Jus ad Bellum/UN Charter/Sovereignty
Two Notes on Secrecy v. Transparency in the National Security World
Two pieces in the news worth noting on the issue of secrecy v. transparency in the U.S. intelligence world. First, The Guardian reports that former DRNSA and CIA Director Michael Hayden said in London:
"It's clear to me now that in liberal democracies the security services don't get to do what they do without broad public understanding and support
"And although the public cannot be briefed on everything, there has to be enough out there so that the majority of the population believe what they are doing is acceptable."
He added: "My community has to show a lot more leg or we won't get to do any of what we want to do because the public support is so withdrawn that, politically, nobody is going to give us the authorisation."
Presidents can do "one-offs" without constitutional authority, he said, but "no president can do something repeatedly over a long term without that broad popular support."
I doubt that Hayden said things precisely this way, but I also expect that the gist of this is right – namely, Hayden thinks the intelligence community needs to recalibrate its tolerance for transparency in order to gain and maintain legitimacy. As I have argued twice before, this recalibration, which is already well under way, is in my judgment a positive legacy of Snowden’s revelations, and will in the long run enable the NSA to engage in more extensive collection and analysis (at least along some dimensions).
Second, Greg Miller of the WP reports that “U.S. officials” say that the CIA “is expanding a clandestine effort to train opposition fighters in Syria amid concern that moderate, U.S.-backed militias are rapidly losing ground in the country’s civil war.” Miller has many details about what is certainly a covert action – details that come on top of other details that have been pouring out of the USG about our covert support for moderate Syrian rebels for months.
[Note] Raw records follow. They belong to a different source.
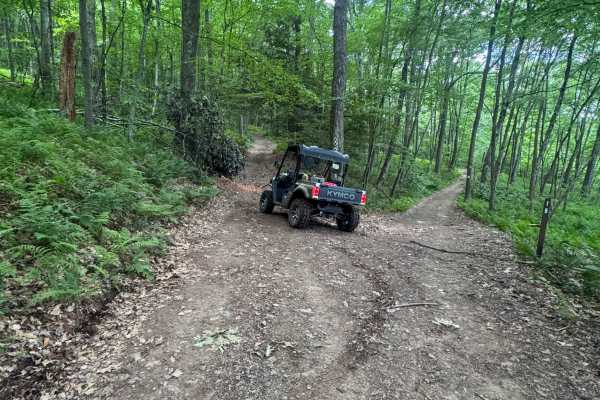 Jack Martin Trail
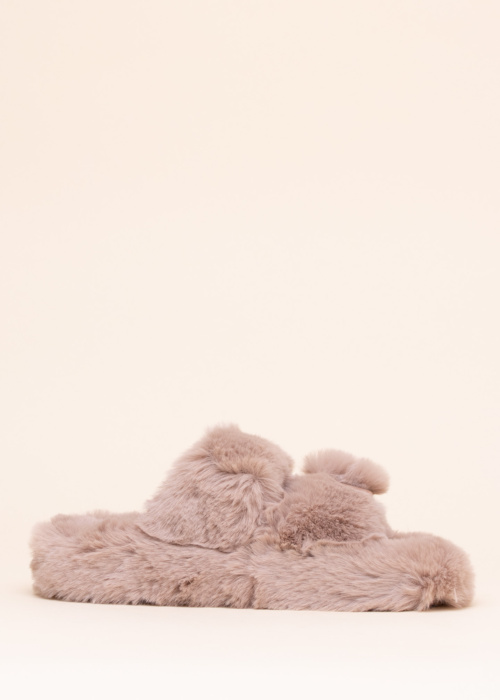 Colors of California sussid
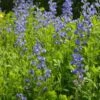 Baptisia Australis P9 Cm 2 Baptisia Australis P9 Cm -Verse Voor Winkel 62P19NG1 a837
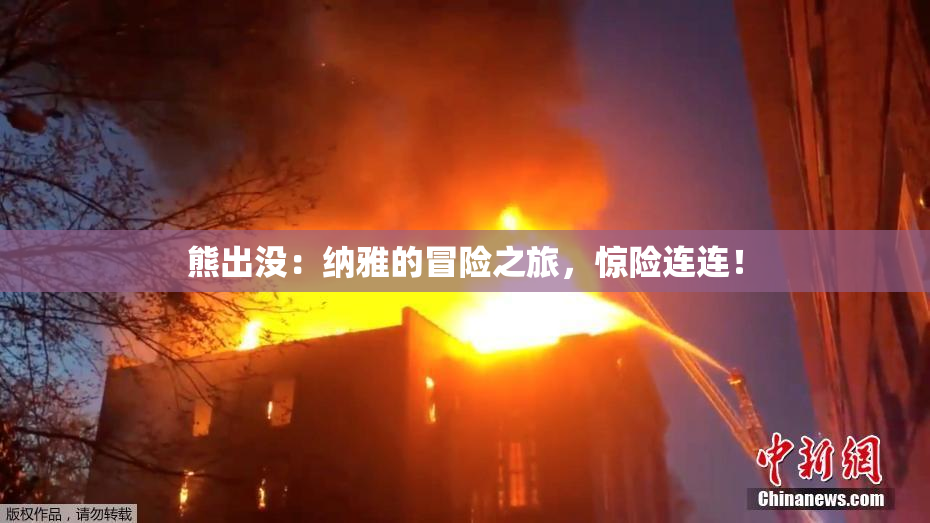 熊出没：纳雅的冒险之旅，惊险连连！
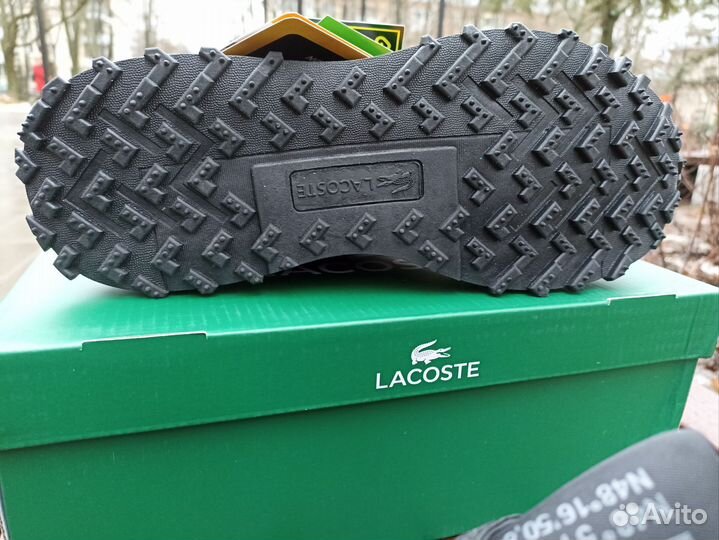 Кроссовки мужские Lacoste черные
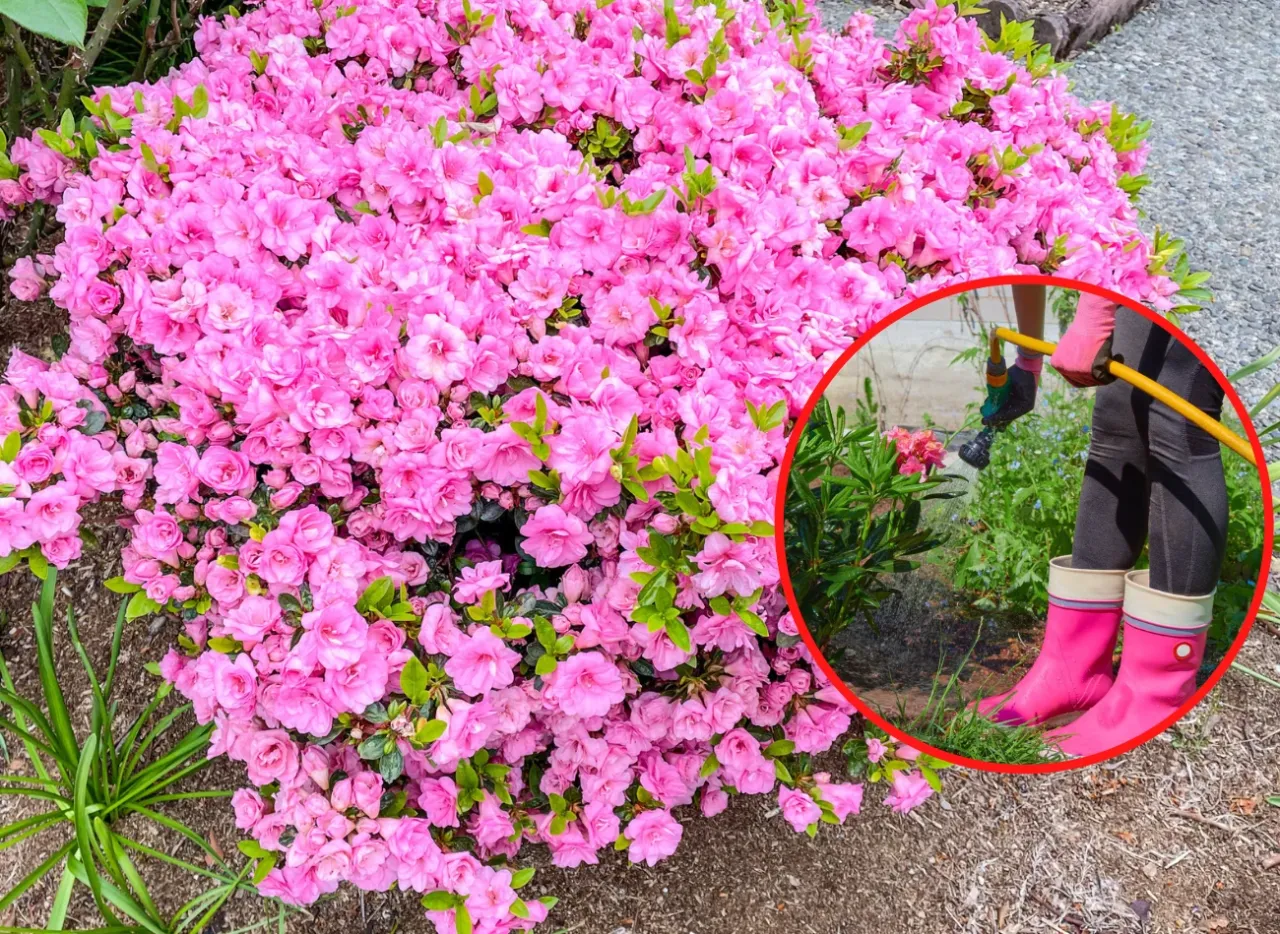 Kwitnąca azalia w pełnym rozkwicie. W okręgu widać fragment osoby podlewającej roślinę, co jest kluczowe, jak przycinać azalie, by pięknie rosły.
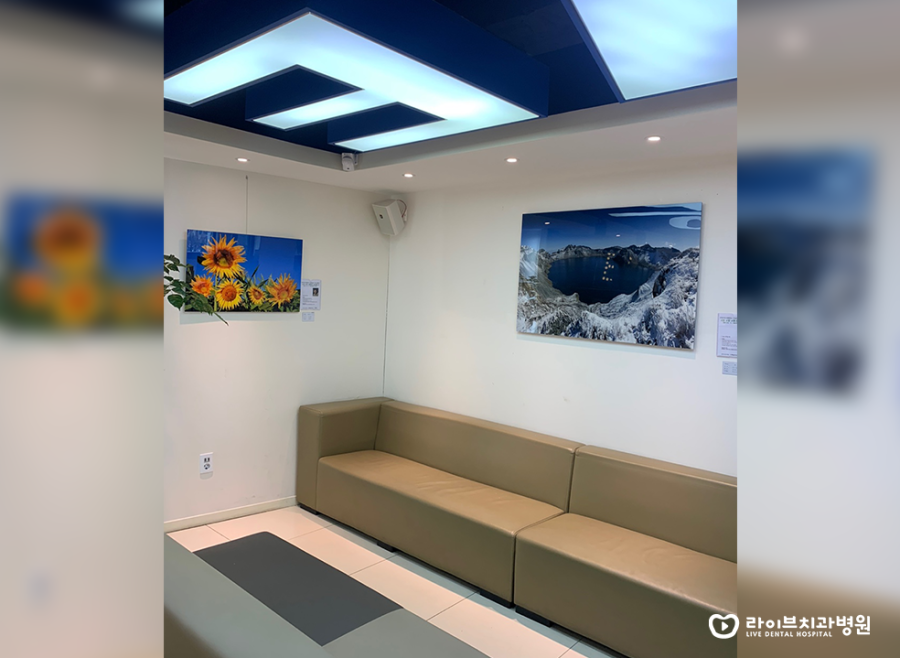 #봄#꽃#풍경#사진 전(展)｜라이브치과 부평예술인 후원캠페인 세번째 이야기 관련 이미지 3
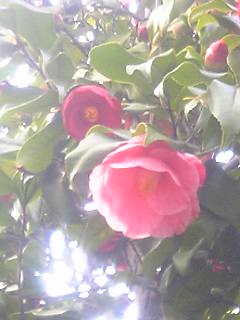 b0060450_22573684.jpg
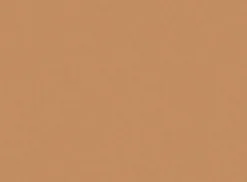 Conceal+ Perfect 2-In-1 Foundation + Concealer Warm Sand 30ml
Section 413b of Title 50 defines “covert action” as “an activity or activities of the United States Government to influence political, economic, or military conditions abroad, where it is intended that the role of the United States Government will not be apparent or acknowledged publicly” (emphasis added). One can understand why officials might want to talk so much about the covert action – for domestic political consumption, and to influence various factions in Syria and other nations involved with Syria. But why use the CIA to run a covert action if officials talk about it so openly to journalists? That is, why not openly and officially acknowledge the aid? Some possibilities:
* There may be no other domestic legal basis for US intervention than Section 413b. One might think that Article II provides a domestic legal basis since the President claims the unilateral authority to bomb Syria. Under OLC precedents, bombing Syria is easier to justify under Article II than the introduction of ground forces. But the Article II analysis might well be different for covert paramilitary support from CIA officials (or, possibly, DOD Special Forces operating under Title 50). In any event, using Section 413b would bolster whatever independent support for the action comes from Article II.
* Perhaps use of the covert action statute is necessary because the action might violate the U.N. Charter. For reasons no one quite knows for sure, the government appears to think the Charter can be breached more readily by CIA than DOD (or, perhaps more accurately, under Title 50 more than Title 10).
* Maybe the action is covert because other nations participating in the support insist on USG deniability as a condition of participation (though this is frankly hard for me to imagine).
* Perhaps explicit acknowledgment of USG help to the moderate rebels (as opposed to anonymous leaked acknowledgment) would raise the stakes high enough for Syria and its allies that they would feel compelled to retaliate more openly and aggressively.
* Some combination of the above.
Whatever the reason for making the support for the rebels covert, the combination of formal covertness and incessant open leaking about the covert action raises all of the legitimacy questions that I have raised before, which in a nutshell come down to this: Why should the government be able to leak about a covert action openly and self-servingly and at the same time keep the program officially secret from the American people, who might want to analyze and debate the appropriateness and efficacy of what the USG is doing, and the accuracy of its representations?
I don't think the USG has a good answer to that question.